Thursday, September 22, 2011

3 Common Cooking Mistakes

Contrary to popular belief, you can't live off of take-out food and microwaveable dinners forever. Sometimes, you just need that freshly fried egg in the morning to get your day started. But before you crack out your knives and get ready to dice perfectly squared tomato pieces, lets admit it, you're not a world class chef. Below, you'll find the most common cooking mistakes that change your perfectly seasoned steak into a rough piece of burnt charcoal.

What a feast!

3. Not Preheating The Pan

When cooking cuts of meat and other foods, it's always best to pre-heat the pan. But why? Isn't it just some luxury for rick people that have all the time in the world and can afford the wasted gas/flames from their stoves? You're a working class everyday Joe, you don't have the time or money to pre-heat the pan!

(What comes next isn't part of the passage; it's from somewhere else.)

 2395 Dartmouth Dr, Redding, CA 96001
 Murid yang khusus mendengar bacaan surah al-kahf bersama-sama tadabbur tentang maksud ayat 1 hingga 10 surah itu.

There are various reasons to pre-heat your pan that aren't related to rich smugness. One of the first reasons, is to prevent the food you're about to cook from absorbing all the cool, room temperature oil in your pan. You can usually see this if you're cooking some spinach and find yourself with a pan full of greasy greens. Not as healthy as you intended.

Pictured: Carrots

Another reason is simple, even cooking. After your pan is pre-heated, the heat is evenly distributed around the pan, allowing the entire food to be cooked, not just a small corner to the right. If you don't pre-heat your pan, not only will your food be overcooked on one side and under cooked on another side, but you'll find it a hundred times more difficult to get a good sear on meat and without the sear to seal in all the juices and help create flavor, you might as well go vegan.

What horrors!

If you don't hear that loud sizzle searing your food when you place your meats/vegetables onto the pan, give it a minute.

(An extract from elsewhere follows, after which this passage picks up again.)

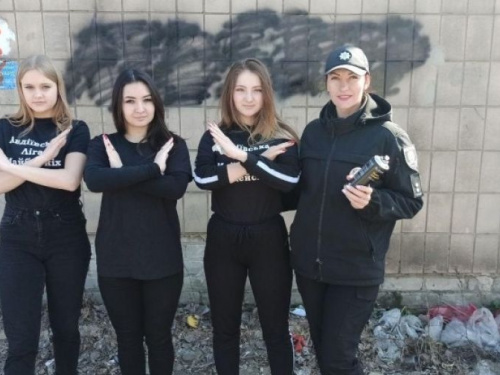 В Авдеевке правоохранители уничтожили рекламу наркотиков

2. Cutting Meat Without Letting It Rest

First we had to pre-heat the pan, and now we need to let meat rest after we cook it too? Why do you need to stand around and watch steam float away from your perfectly seared cut of beef? Is this some type of moral thing that allows you to briefly reflect on life before consuming the carcass of another animal?

"What have I done?!"

The reason to let meat rest after cooking is to allow the meat to retain it's natural juices. If you decide to be impatient and cut the meat straight off the pan, you'll find the delectable juices running away into the cutting board, what a waste! If you allow meat to rest before cutting, the meat will retract the juices back in, thus allowing maximal flavor. Otherwise, you might as well squeeze the juices out into a trashcan after you finish cooking and serve crunched up, dried piece of sadness.

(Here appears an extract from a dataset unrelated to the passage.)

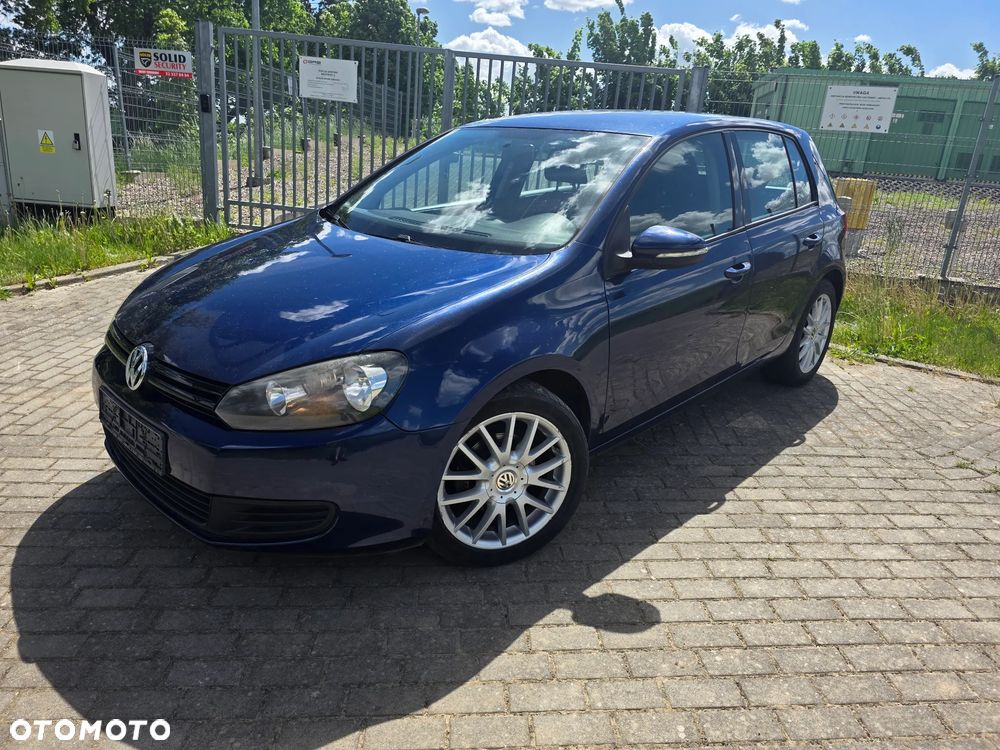 Volkswagen Golf - 1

1. Not "Shocking" Vegetables When Finished Cooking

Shocking vegetables? What type of sick delusions am I talking about? The act of "shocking" vegetables isn't literally giving them a good scare, but the act of pouring the vegetables into ice cold water after cooking. Unless you plan to serve the food immediately, you must "shock" the vegetables as soon as you take it out of the pan or you'll end up with a mushy soft goo.

After reaching desired texture and color, you need to stop cooking, otherwise you'll overcook it. A no-brainer right? But the thing is, even after you take the food out of the pan, the greens continue to cook. The residual heat will continue to cook the vegetables long after you take it out of the pan. Soon enough, you'll find your plate covered with mushy green substances and less crisp delicious green peas.

It'll look less like this, and more like predigested chunks of apathy.

To avoid this, you simply need to take the cooked product and dunk it into ice water or run it other cold tap. This will effectively stop the cooking process and allow your dish to be ten times more presentable than broccoli that dissolves upon touch.